Jun 9, 2009, 12:28 GMT
Dusseldorf, Germany - One of four Islamists on trial in Germany for plotting to car-bomb US military bases told the court Tuesday he would confess so as to save time in what is expected to be a lengthy trial.
Adem Yilmaz, 29, who is a Turkish national raised in Germany, claimed he was not primarily seeking a reduced sentence.
'I couldn't care less how long you give me, whether it's 20 or 30 years. I just want to get what we're doing here over and done with. It's boring,' he told the court, before leaving for a meeting with his fellow accused.
The court granted his request for a meeting without defence lawyers present, and with only police present to guard the men.
'There's no sense in sitting here saying nothing, then getting the full whammy,' added Yilmaz, claiming one of the two young Germans on trial with him, Daniel Schneider, and an ethnic Turkish accused, Attila Selek, shared his view.
Fritz Gelowicz, the other German convert to Islam on trial in the case, allegedly led Yilmaz and Schneider in buying chemicals and planning for huge explosions at bases in Germany. They were arrested in 2007 before they could carry out any attack.
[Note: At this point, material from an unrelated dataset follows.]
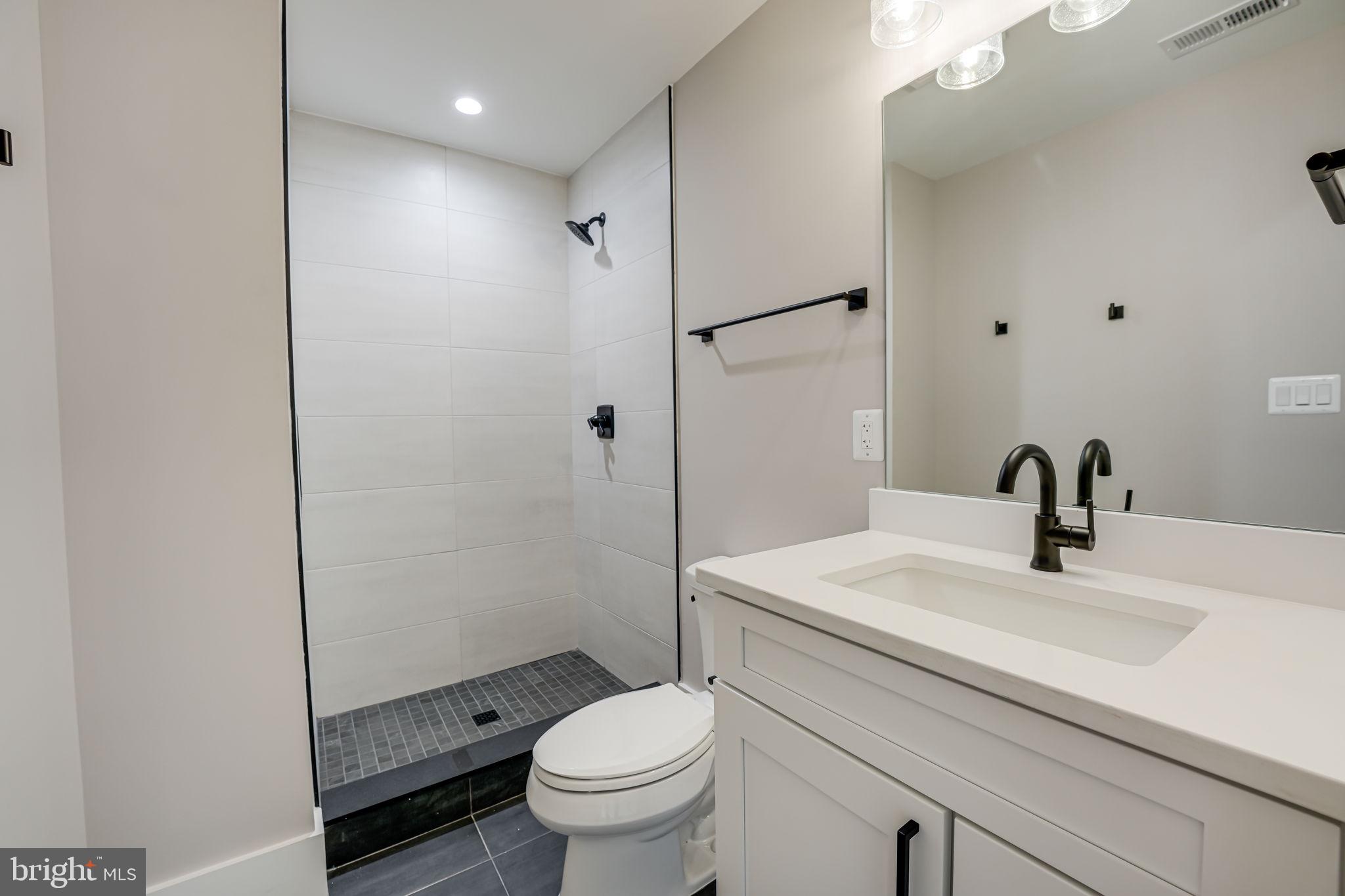 MOORES CLARENDON - Residential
Yilmaz, one of the three alleged main plotters, also criticized his court-appointed lawyer who has focussed her case on shaking police evidence and trying to reduce his seeming guilt, saying she was not following his instructions.
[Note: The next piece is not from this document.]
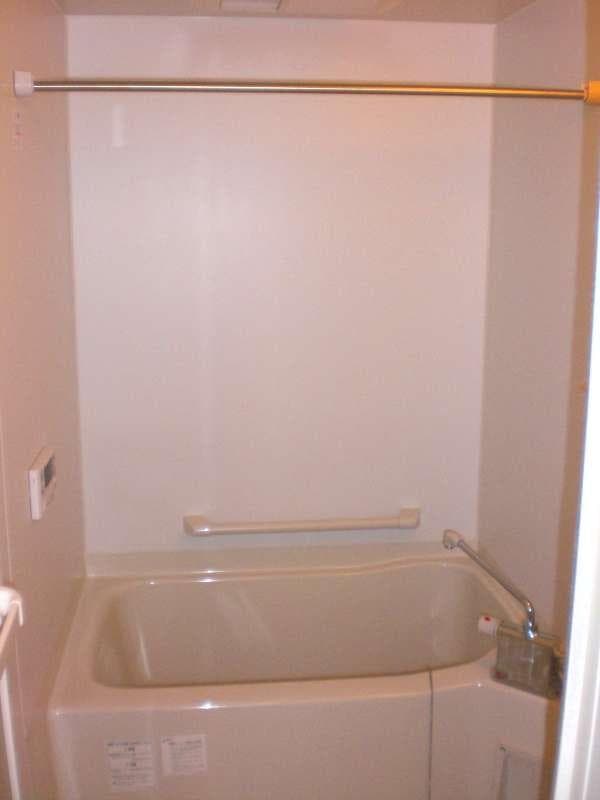 Room image 10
Selek's attorney said he might also offer a confession 'very soon.' Prosecutor Volker Brinkmann warned that if they did not confess soon there would be no option to reduce the sentences.
Yilmaz has jeered at the trial from its start seven weeks ago, often interjecting or refusing to stand up in respect when judges enter the room.
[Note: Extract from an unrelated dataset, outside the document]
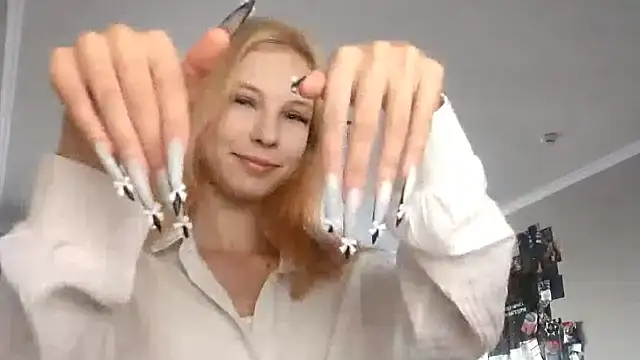 Fafa Fluff online show from September 2025 03:13:02 PM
German police arrested the main trio in September 2007 after months of surveillance allegedly showed a plot to blow up US bases on behalf of the Islamic Jihad Union (IJU), a shadowy group said to be as dangerous as al-Qaeda. Selek was caught in Turkey.
All four defendants have so far refused to talk to police or to answer questions by presiding judge Ottmar Breidling.